DATA EXTRACTS:

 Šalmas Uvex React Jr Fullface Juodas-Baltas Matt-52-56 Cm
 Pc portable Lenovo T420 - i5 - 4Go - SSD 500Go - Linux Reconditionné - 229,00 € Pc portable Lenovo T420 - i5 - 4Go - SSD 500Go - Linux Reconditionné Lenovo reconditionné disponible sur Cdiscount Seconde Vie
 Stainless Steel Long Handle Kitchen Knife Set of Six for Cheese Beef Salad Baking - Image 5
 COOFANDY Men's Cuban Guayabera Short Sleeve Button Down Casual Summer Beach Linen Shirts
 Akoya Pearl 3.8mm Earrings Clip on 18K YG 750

---

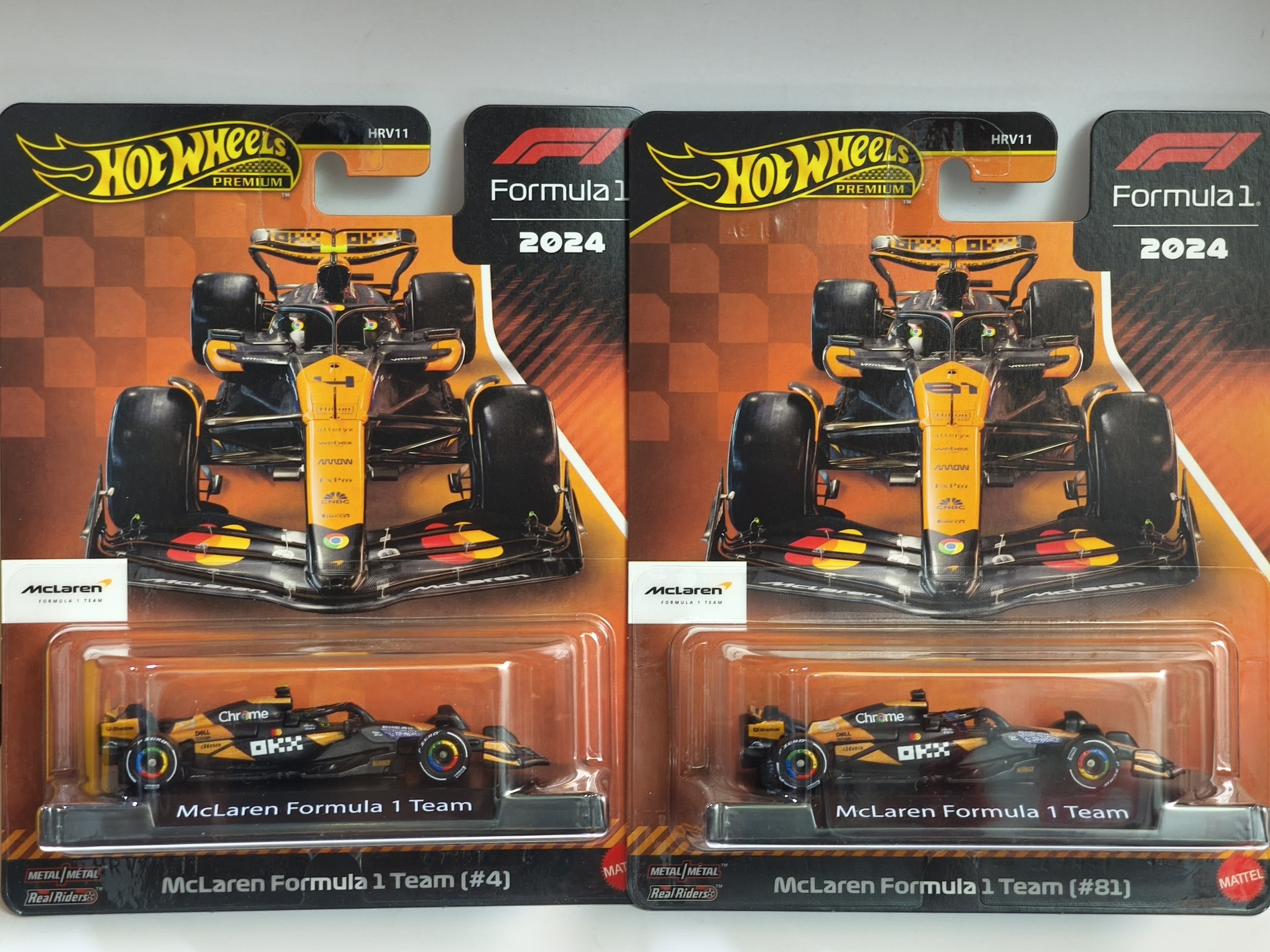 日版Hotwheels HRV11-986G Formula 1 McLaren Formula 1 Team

==

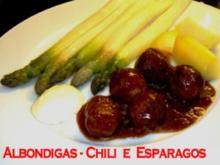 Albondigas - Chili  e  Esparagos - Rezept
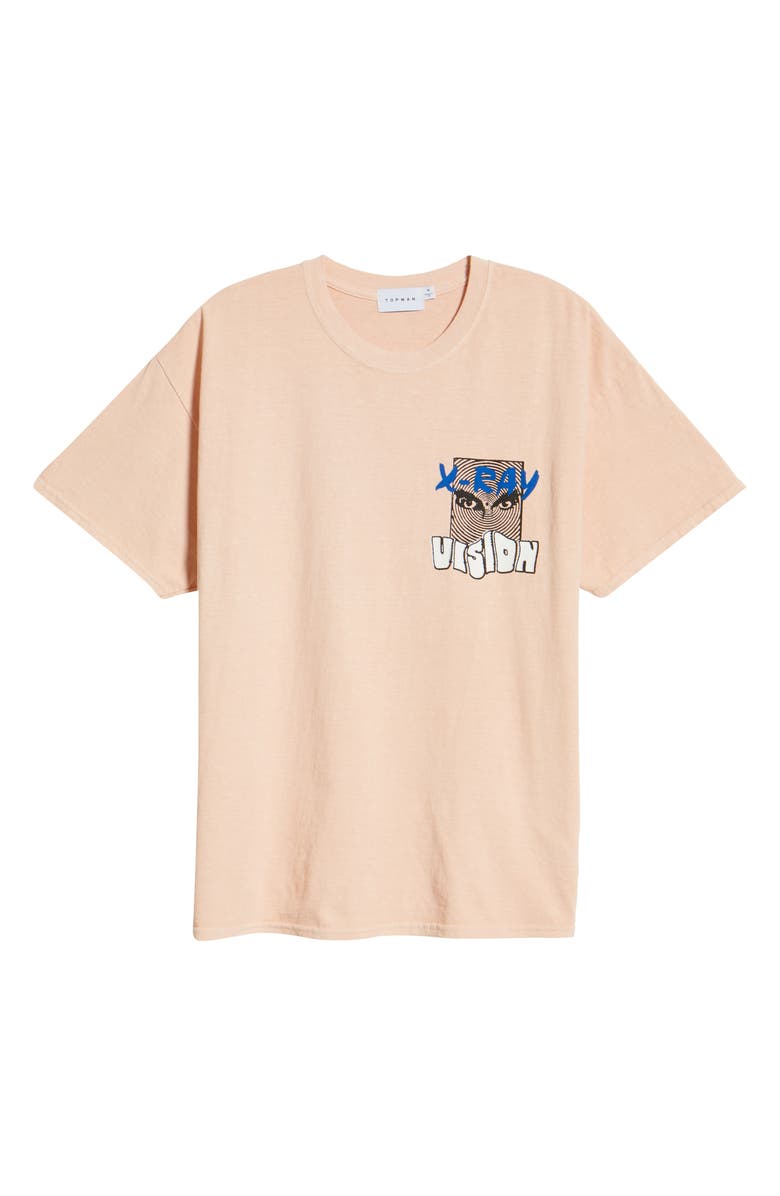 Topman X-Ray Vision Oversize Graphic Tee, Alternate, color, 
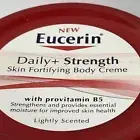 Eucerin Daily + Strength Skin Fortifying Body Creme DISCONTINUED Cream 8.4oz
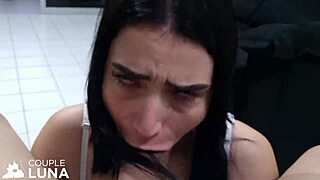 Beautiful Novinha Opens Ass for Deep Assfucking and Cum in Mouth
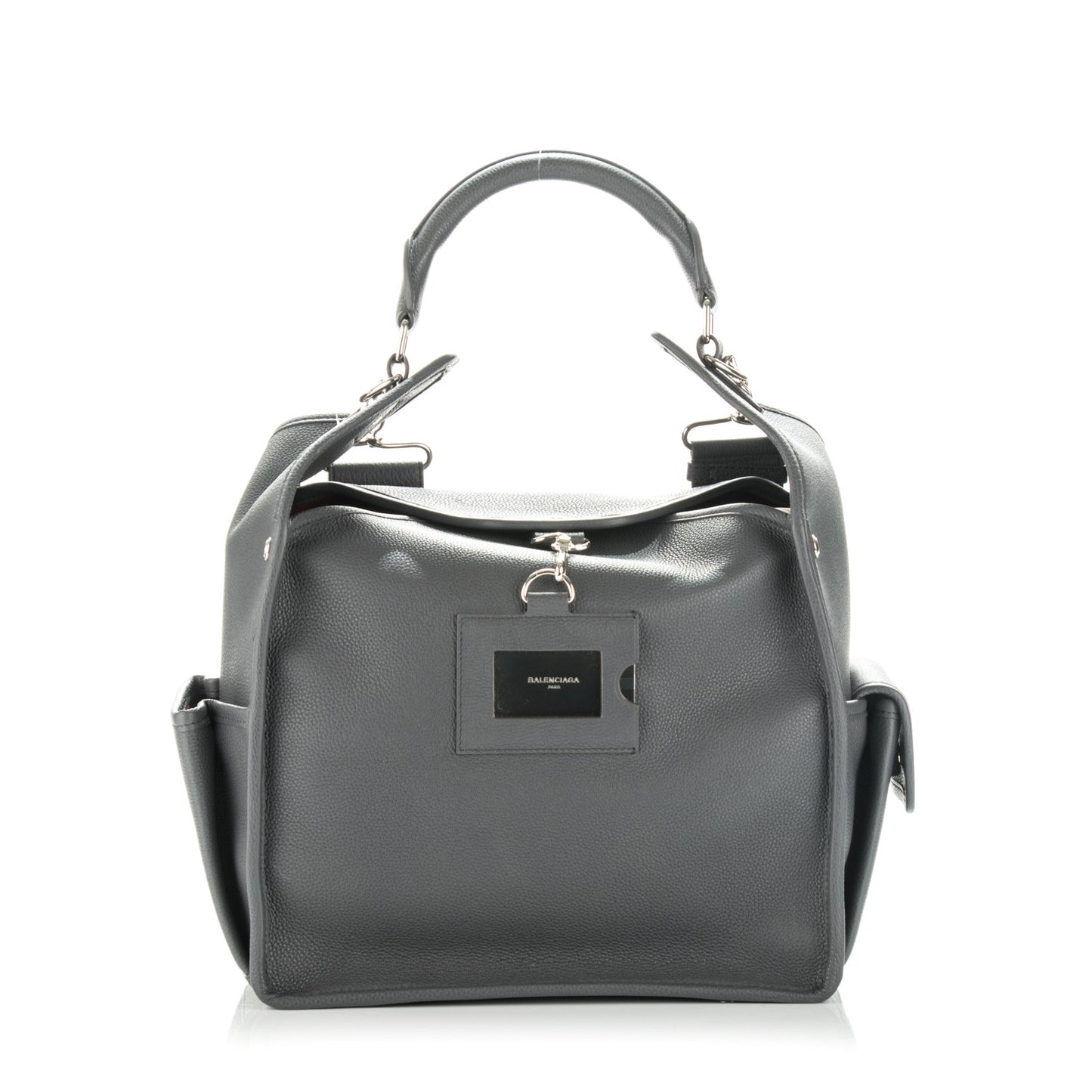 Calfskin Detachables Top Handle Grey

WHAT YOU NEED TO DO: Reproduce exactly the lines above starting at the line containing "Beautiful Novinha Opens" and ending at the line containing "Calfskin Detachables Top Handle Grey", including both, but not the pictures.

WRITTEN SOLUTION:
 Beautiful Novinha Opens Ass for Deep Assfucking and Cum in Mouth
 Calfskin Detachables Top Handle Grey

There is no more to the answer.